Public HealthSep 22, 05

Banning teen-agers from using cell phones or other wireless devices while learning to drive should be a national auto safety priority, U.S. transportation safety officials said on Tuesday.

The National Transportation Safety Board put the proposed restriction on its “most wanted” list of safety improvements for the upcoming year, which also includes older appeals for more states to impose limits on teens’ night driving and carrying passengers.

“Learning to drive and being distracted is a recipe for disaster,” Mark Rosenker, the board’s acting chairman, said at a hearing on the new safety priorities.

“We must do everything we can to reduce these needless deaths and we strongly believe that banning wireless communications devices for teen-agers learning to drive will help significantly,” Rosenker said.

Highway crashes are the leading cause of death among 15- to 20-year-olds. From 1995 to 2004, about 64,000 young people were killed in traffic accidents, federal statistics show. More than half the fatalities occurred at night.

A survey released by U.S. auto safety regulators earlier this year found that hand-held cell phone use among drivers between 16 and 24 increased to 8 percent in 2004 from 5 percent in 2002 and 3 percent in 2000.

At any given moment in the United States last year, an estimated 8 percent of all motorists, or about 1.2 million drivers, were talking on cell phones while driving, the survey found. The figure was 6 percent in 2002 and 4 percent in 2000.

University of Utah researchers found last spring that teens and young adults on the phone while in a driving simulator reacted as slowly as elderly drivers not using a phone.

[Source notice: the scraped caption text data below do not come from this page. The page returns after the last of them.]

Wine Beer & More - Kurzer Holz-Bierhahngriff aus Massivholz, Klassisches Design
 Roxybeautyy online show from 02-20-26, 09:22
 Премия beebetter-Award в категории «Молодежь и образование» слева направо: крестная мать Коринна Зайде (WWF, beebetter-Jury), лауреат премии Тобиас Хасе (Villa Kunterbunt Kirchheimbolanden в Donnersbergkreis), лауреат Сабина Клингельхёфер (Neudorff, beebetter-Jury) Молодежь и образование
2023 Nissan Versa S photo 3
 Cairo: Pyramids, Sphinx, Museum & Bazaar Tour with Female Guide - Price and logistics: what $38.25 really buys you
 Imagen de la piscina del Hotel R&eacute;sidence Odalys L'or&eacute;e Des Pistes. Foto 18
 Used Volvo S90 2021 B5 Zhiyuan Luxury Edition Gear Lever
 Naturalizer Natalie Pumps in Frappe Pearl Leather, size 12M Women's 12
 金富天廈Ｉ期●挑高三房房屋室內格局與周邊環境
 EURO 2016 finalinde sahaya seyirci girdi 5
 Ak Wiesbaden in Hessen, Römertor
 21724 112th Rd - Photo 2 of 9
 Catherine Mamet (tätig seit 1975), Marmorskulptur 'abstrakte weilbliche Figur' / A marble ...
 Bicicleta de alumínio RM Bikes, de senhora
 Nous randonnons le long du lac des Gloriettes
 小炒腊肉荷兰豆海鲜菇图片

The safety board’s cell phone recommendation surfaced after a crash in Maryland that killed five people in February 2002. Investigators in that accident said an inexperienced young woman in her new sport utility vehicle ran off the Washington Beltway, flipped and landed on a minivan in the opposite lane.

The board concluded that the woman, who was killed, was talking on a cell phone at the time of the accident and was probably distracted. Inexperience, unfamiliarity with the SUV, windy conditions and speeding were other likely causes.

Kevin Quinlan, a senior safety board staff member, said elevating the recommended cell phone restriction will give “heightened visibility” to a measure that has achieved some momentum already.

Eleven states and the District of Columbia have imposed some limits on wireless technology while driving. Most prohibit cell phone use by drivers who are getting their license.

Critics of attempts to restrict the use of wireless devices by motorists contend that only a fraction of crashes blamed on distracted driving are related to cell phones.